Is it the right thing to think and do, get out of Afghanistan?  It don’t matter now, you can almost see the writing on the wall.  It would seem the fear and palpable pressure post 9/11 has passed.  Swinging at the Taliban enemy in Afghanistan is like feigning at phantoms.  And of course why are they any worse than those who abuse and kill in far off places in Africa and South America?  Picking your poison is never about fairness.

In Canada its pretty obvious people don’t understand why we’re there and why Canadians are dieing.  Afghanistan is a noble effort but it pales compared to Utah Beach, Dieppe and the epic battles at Vimy Ridge and the Somme.  Ultimately this sentiment has shown up in the political arena first led by the NDP and the Bloc.  In a minority parliament, future deployment in Afghanistan is an end game.  Canadian forces in Kandahar doing the dirty work can see all of this with their eyes wide open.

Afghanistan might be key to the political deadlock at home, but there are many other things causing the political logjam.  In short nobody can see there way out.  Stephen Harper’s Conservatives are neck and neck with the Liberals.  Stephane Dion is losing his wonkishness and gaining a little bit of eclectic cool.  However, they both know an election would just reshuffle the seat numbers.  Majority territory is not apparent for either of them.

The Bloc doesn’t want an election because they are a fish without water right now.  Parti Quebecois leader Andre Boclair’s third place showing in the Quebec provincial election dampened the sovereignists hopes in Quebec.  Going back to the Quebec electorate with essentially the same songbook was a road to third place again in Quebec.  However his time it would be at the federal level behind the federal Liberals and Conservatives.  Gillies Duceppe is smarter than that, although he did have a bit of a brain fart when he leapt into the PQ leadership and dropped out on the same weekend.
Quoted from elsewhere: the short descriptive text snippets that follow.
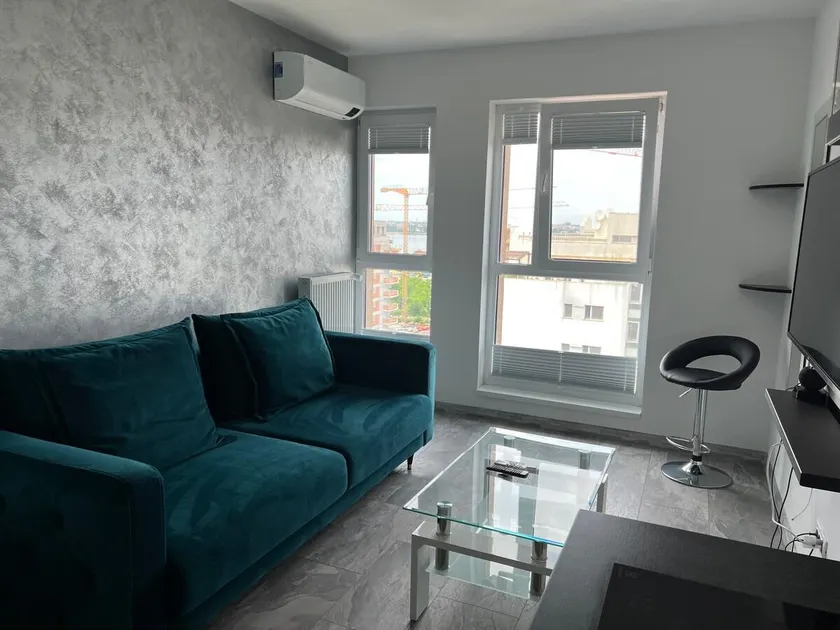 Cozy 2-Room Penthouse Lakeview W14 - Image 1
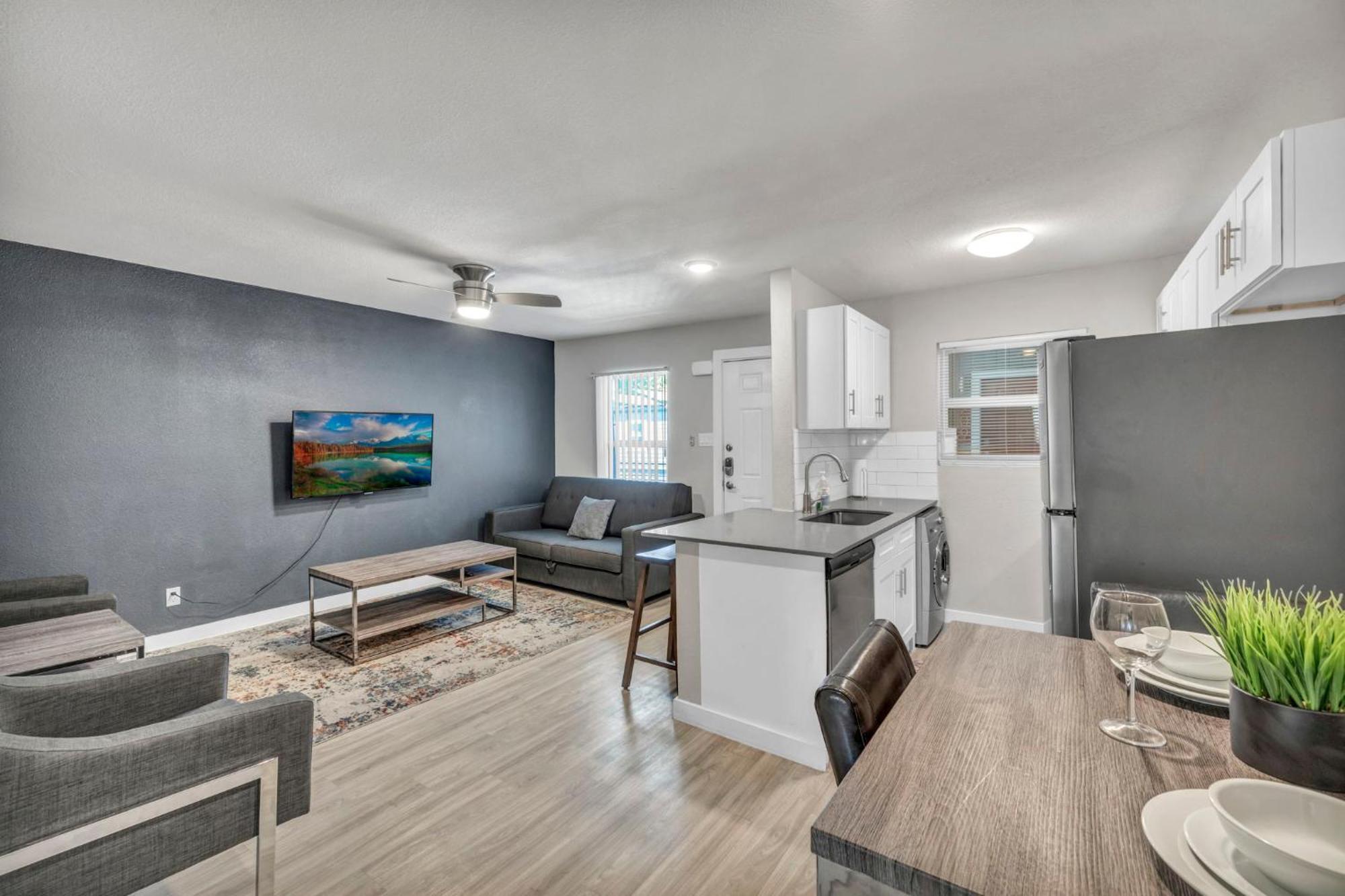 King W Fast Wifi - Free Parking, Sleeps 6 Apartment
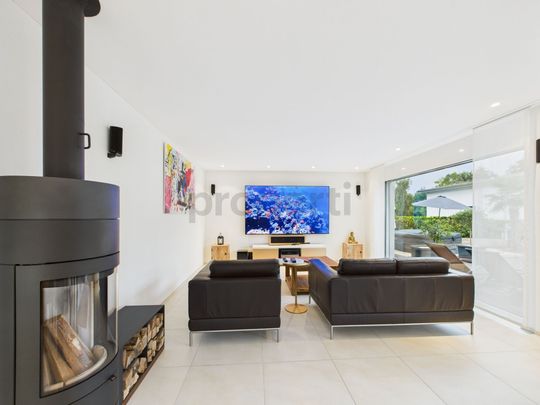 Exklusives Einfamilienhaus in Dürnten - mit Sauna und Jacuzzi - Photo 1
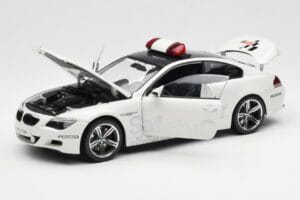 BMW M6 E63 MotoGP Safety Car 2006 Kyosho 1:18 08707GPB Metāls — attēls 2 no 8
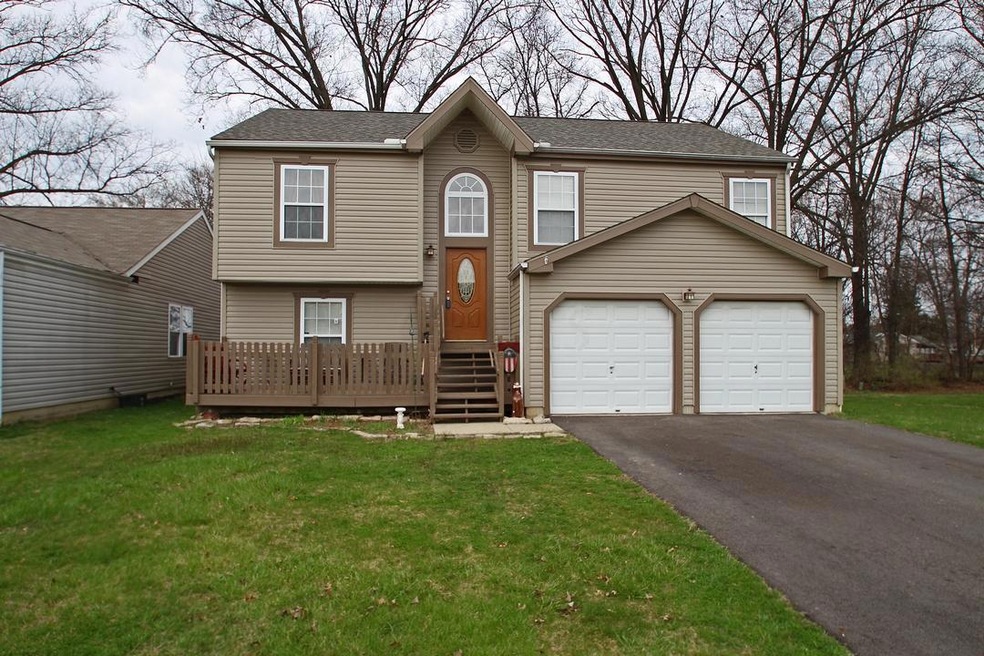 917 Harbinger Cir W, Columbus, OH 43213 - photo 1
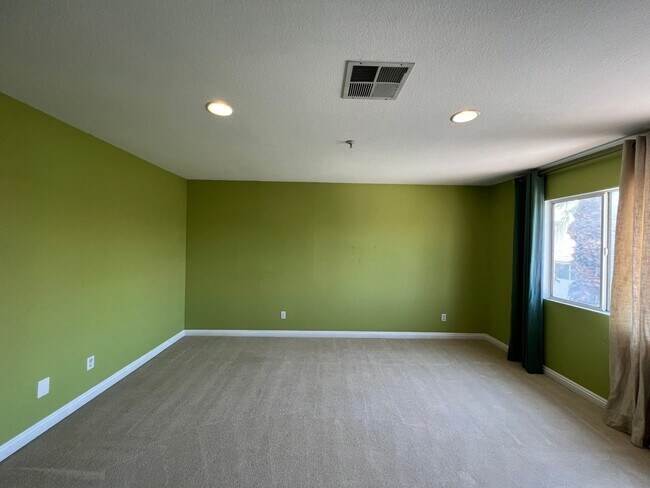 Building Photo - 13539 Whipple St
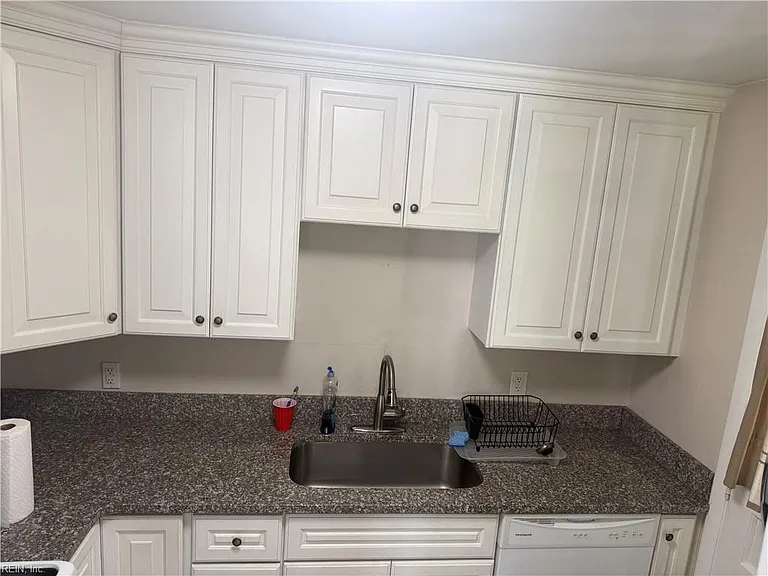 2524 E Little Creek Rd — Photo 8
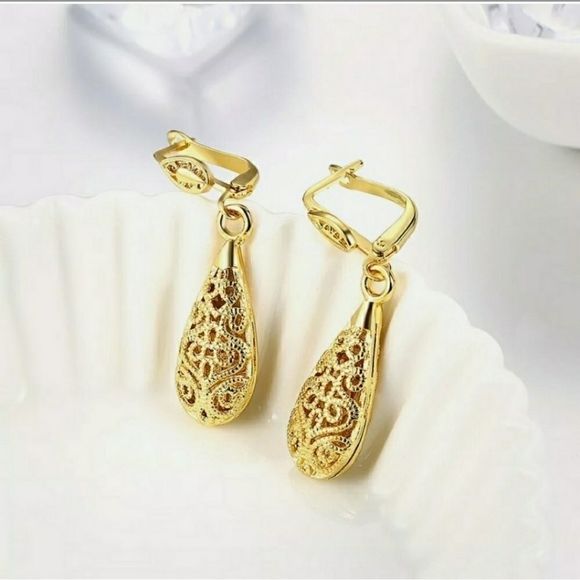 Gold Vintage Earrings - Picture 4 of 5
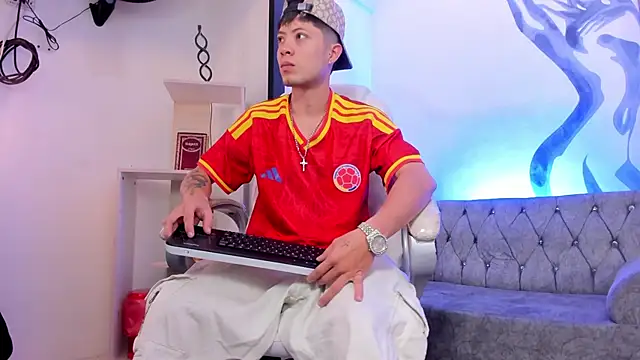 Snapshot of marcuscollins1_ chatting on June 17, 2026, 1:34 pm marcuscollins1 online show from June 17, 2026, 1:34 pm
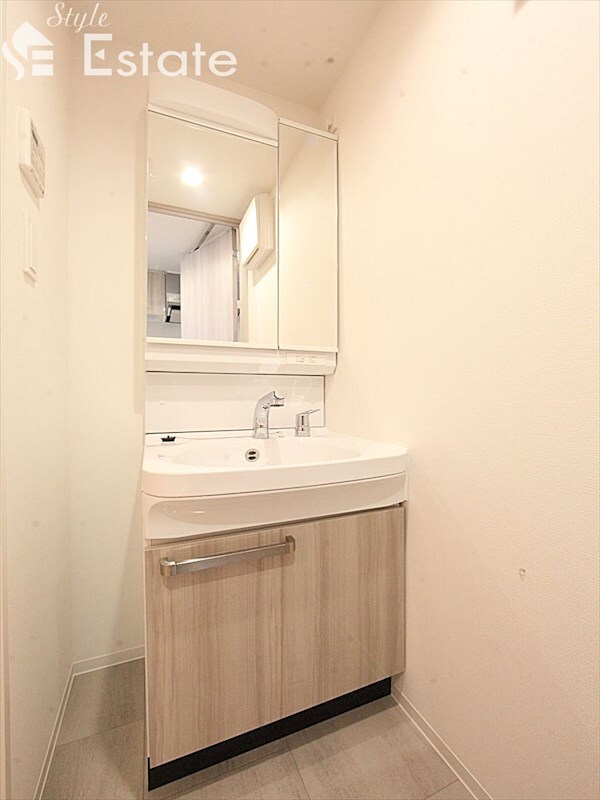 ディアレイシャス名古屋太閤通IIの物件内観写真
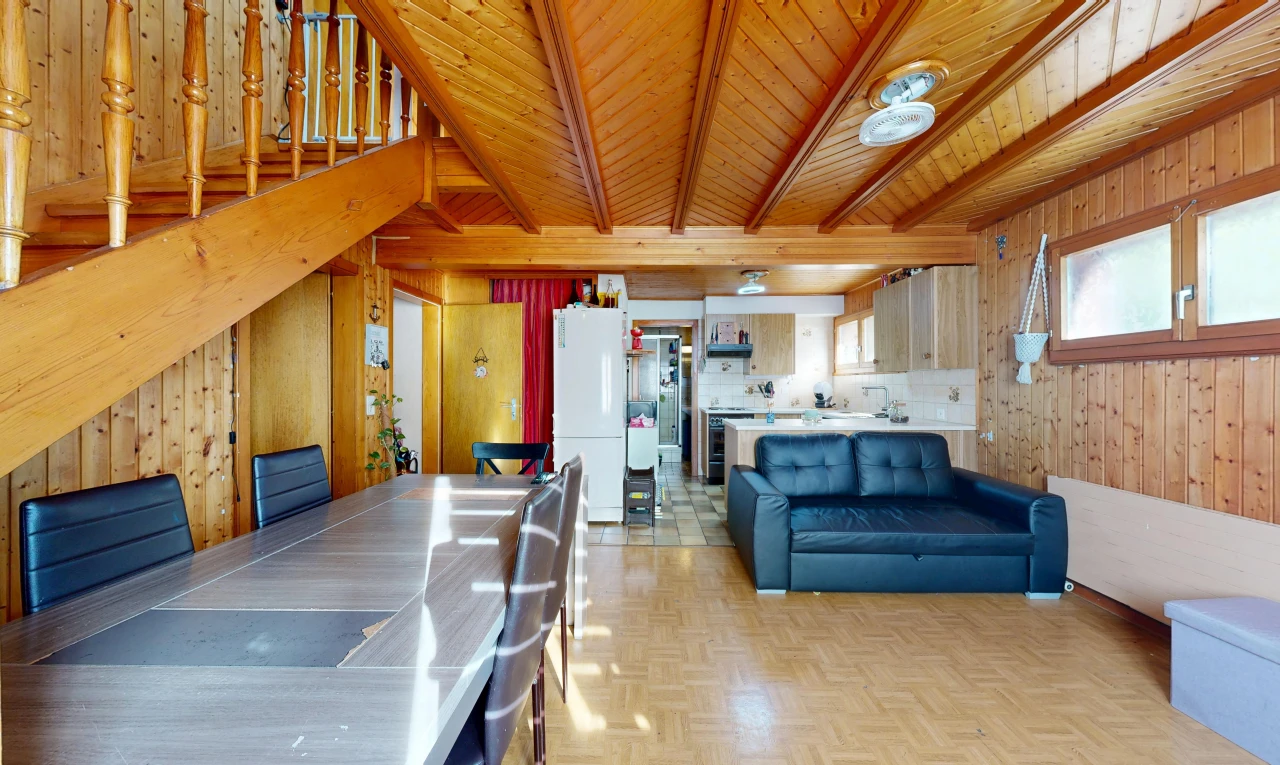 salon / salle à manger avec escaliers, plafond à poutres, beamed ceiling, dated wood wall, et plafond en bois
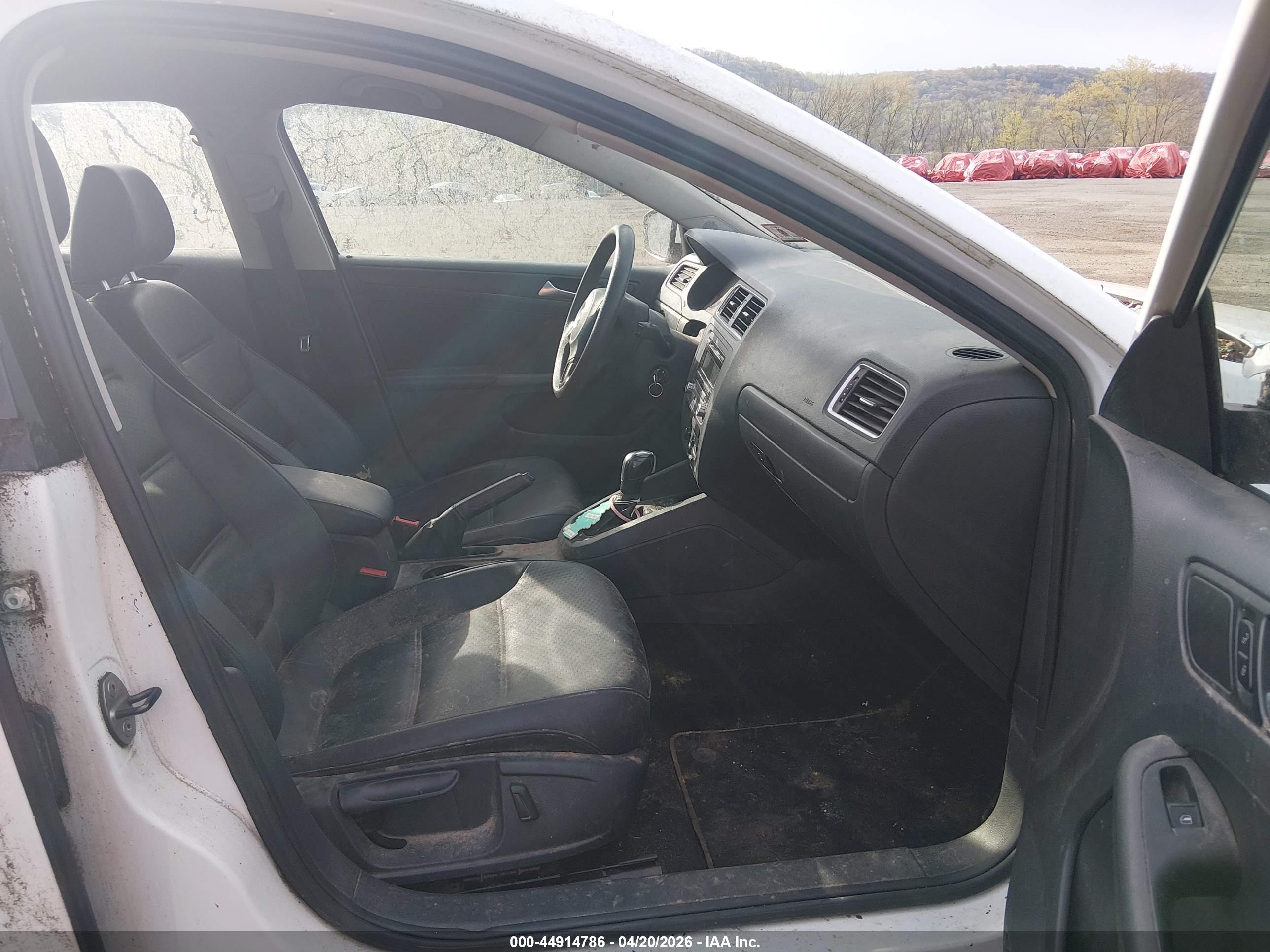 VOLKSWAGEN JETTA image 5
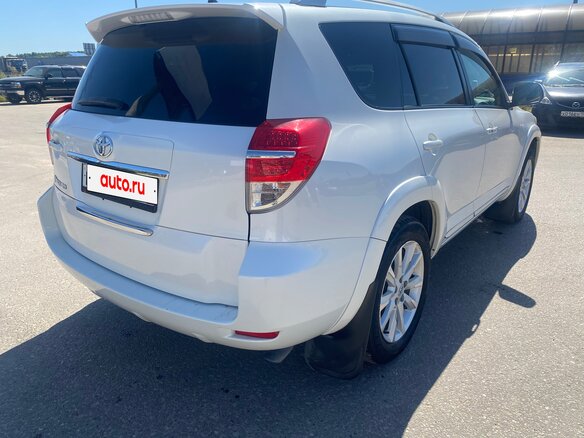 2011 Toyota Vanguard, белый, 1600000 рублей - вид 4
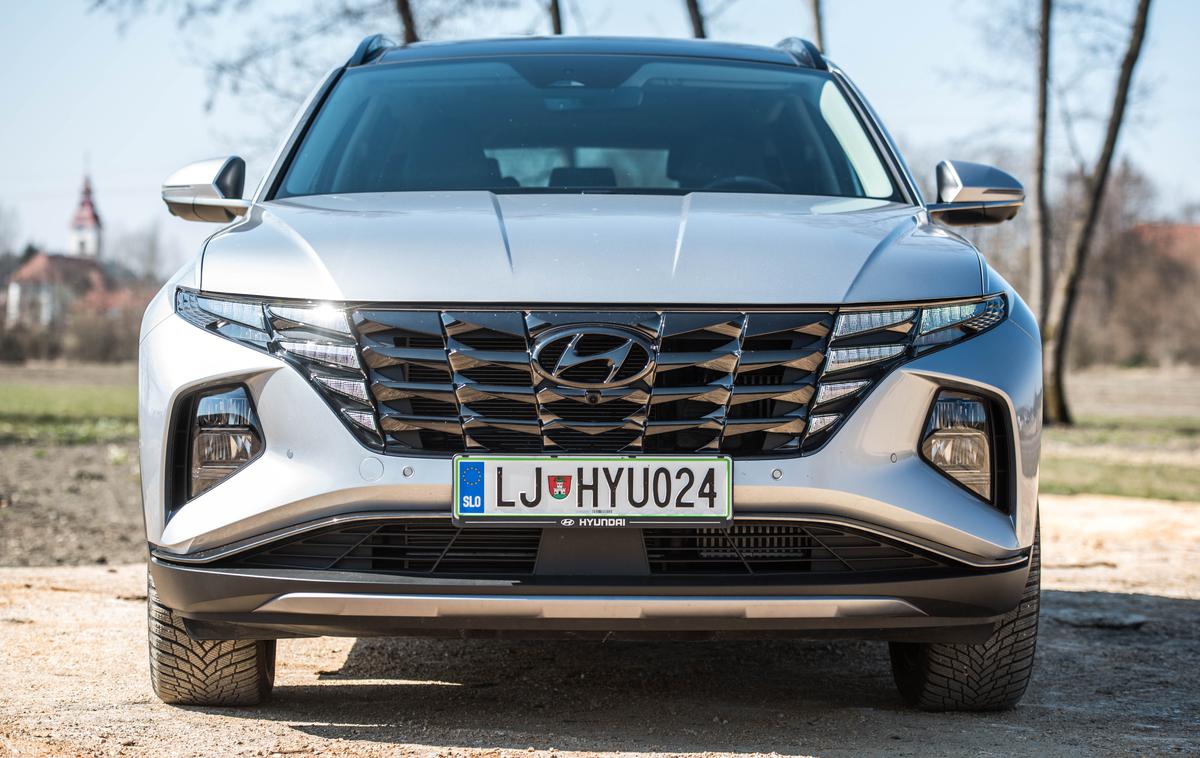 Hyundai tucson PHEV | Dnevne LED-luči, ki se zlivajo z masko, so že postale prepoznavni znak tucsona. | Foto Gašper Pirman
Jack Layton is against continuing the mission in Afghanistan.  However, its pretty obvious he’s led on this issue with everybody else falling into line.  The problem is he doesn’t get any points for that or votes either.  The NDP always has a problem carving out their place on the left.  Ditto this time around.  The hated Libs always seem to crowd their room when it’s convenient.

I haven’t said anything about Elizabeth May and the Greens.  However they are to be taken seriously.  Any party that takes 10% of the vote nationally fundamentally changes the arithmetic to power.  The Greens have done that.  It’s one reason why Harper and Dion cannot get a majority in our splintered political environment.  However having May run against Peter McKay, in my mind is a road to electoral defeat.  Why not choose a riding on Vancouver Island?

So at least on the federal level, put election fever on the backburner.  It might be 2009.  In the meantime you’ll be inundated with provincial politics.  Their provincial showdown comes in October, and that may be another reason for our federal election process to be delayed that much longer.